| Scoobes said: FFXIII & Oblivion: I think I'm the polar opposite to you! FFXIII is my biggest dissappointment this gen as I found it lacked the extra elements of previous Final Fantasy games and it didn't have the sense that I was discovering the details of the story through the world like in previous FF convos, towns & shops (e.g. the first time you enter Besaid, or exploring Midgar). That's what I think some of the appeals of Oblivion is (to me at least), the details of the story and lore is told through exploration of the game world. |
I can live with people being not satisfied with FF 13. It is just a subjective matter of taste... What I have difficulties in is understanding why FF13 got so much hate reviews although it was just a continuation of the direction Square took with FF12. There are very much common elements...
Summons are not as important as they were in FF 7-9
No random encounters and the monsters dropped no Gil...you had to sell loot for gil.
You control only one character and the rest is controlled via macros, but you can choose which character you play
There is no real "main protagonist" and the characters are not portrayed as "heroes", but they continually show their weaknesses, they do not always know what to do next and are sometimes unsure,...
The story is rather dark and mature and the situation often seems to be not winnable (and the characters are realizing this and question themselves what to do next). I liked this approach because the characters felt more human and natural... Not everyone likes characters like Kratos in god of war...I didn't like him very much when I played through GoW last month because he just doesn't care for the world around him and I somehow felt it was his own fault what happened to his family. Maybe it is because of such character portraits why so many peoply felt Hope was "whiny"... but I am pretty sure most of us would have cried a river at that age after we had seen our mother dying...
Character development not by a level systems (license bord, krystarium instead)
I fail to understand how FF 12 got great reviews in the West (at least here in Austria/Germany) and was widely praised and FF 13 continued to go in that direction and was heavily critizised without being a radical change.... (not like Devil may Cry or Front Mission Evolved). It seems to me that it were the expectations of the reviewers/community that shifted and not the quality of the game... In the Famitsu it was still voted best game of all time 2009 and rank 3rd in 2010
http://www.neoseeker.com/forums/32228/t1476328-famitsu-readers-vote-ffxiii-best-game-of-all-time/
http://gonintendo.com/viewstory.php?id=138232
Dissappointment is a function of our own expectations. And since my expectations were formed by japanese RPGs and Oblivion got "game of the year" awards I was heavily dissapointed. It felt more than an action adventure with some roleplay elements than a true (console) rpg. The same with Borderlands or Sacred 2...
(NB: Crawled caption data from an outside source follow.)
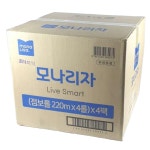 모나리자 점보롤 2겹 220mX4롤 X4팩 1박스 : 피스s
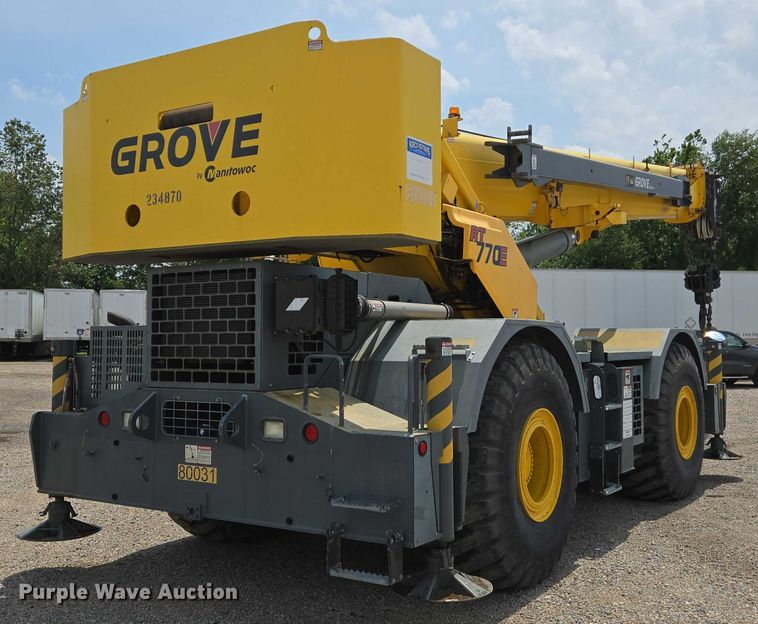image for item DW7023 2015 Grove RT770E crane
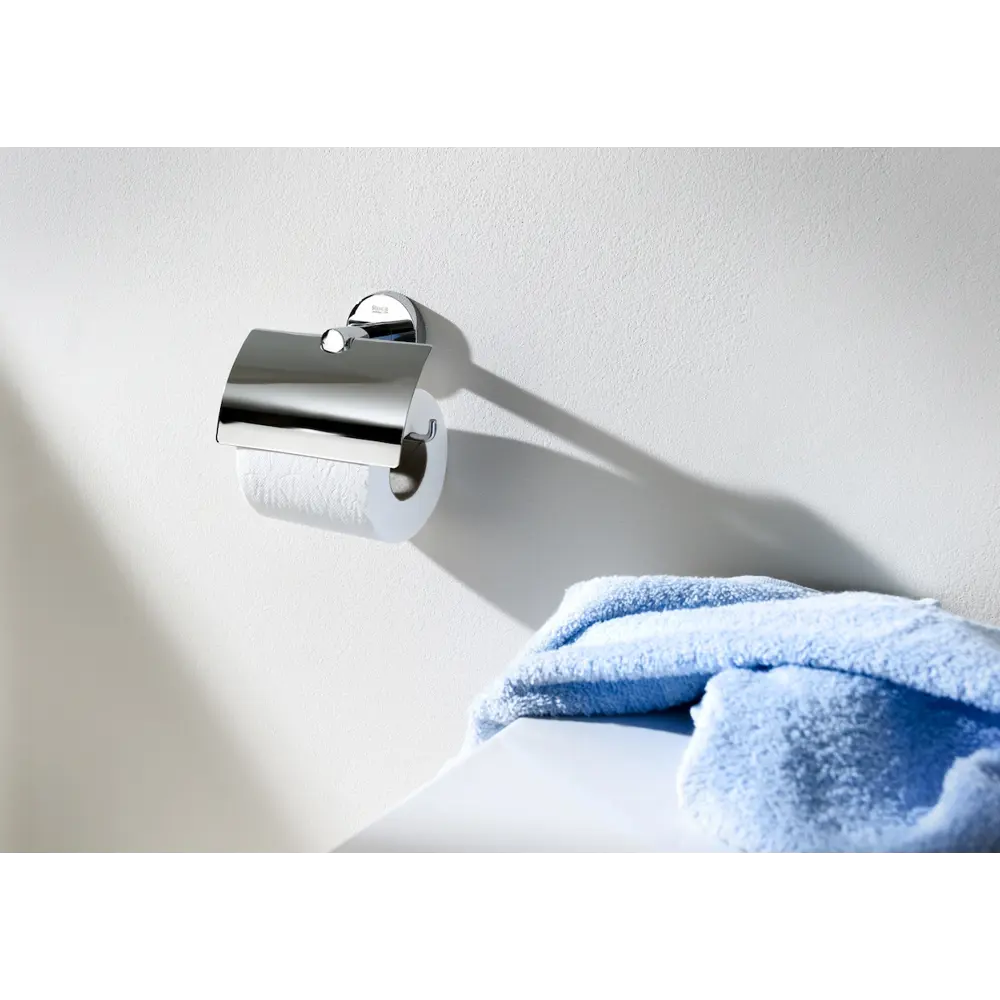 Фото 2 Держатель для туалетной бумаги Roca Twin цвет хром 816713001 Фото 2 Держатель для туалетной бумаги Roca Twin цвет хром 816713001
The latter 2 reminded me somehow of Diablo, that I had played on the PS1 (is it really that long ago....). I had fun with it because of the coop mode, but after 2-3 playthroughs it was getting boring. I didn't like the story and characters (you can see the pattern...) and the weapon/armor system. Diablo, Sacred and Borderlands have a similar system, where there are no unique weapons. You have basic weapons with various status bonuses and variuos weapon levels. I can remember playing the woman in diablo with a friend and I just couldn't find a stronger bow, because you only have random drops and random items at the shops. I coudldn't get a really strong bow for hours... I never had that problem in a jrpg before... And while playing Sacred or Borderlands, I also had the same problem. You can have millions of different weapons but it is also possible that you are level 36 and still have a lvl 25 smg because you just had bad luck and couldn't find a better one. My wife and I ended up with no longer bother to look what we pick up. Kill enemies, pick up loot and at the next vendor you can see that 99 % of the items are just useless and only there for selling.
So Borderland managed to make me lose interest in what the enemies drop, what you can buy at the stores, what the sidequests are about and what the whole game is actually about. The only thing left is the gameplay... running around killing the same few enemies over and over and running from landmark to landmark until the game is finally over. If it hadn't the coop mode the whole game would have nothing at all and could be replaced by every other random shooter and I will probably not think about the game in the future. (Well, every time I look in my gaming diary aka trophy list I will think why I wasted like 50 hours with that game). Last week I read that FF 4 will head to the PSP and I am really happy about it. I have never played the after years so far and although I already played FF 4 advance and FF 4 for the DS I am happy to get a slightly better Version of that game. That is the true strength of a good story. You can play the game a second or third time and it still has the good story to come back to.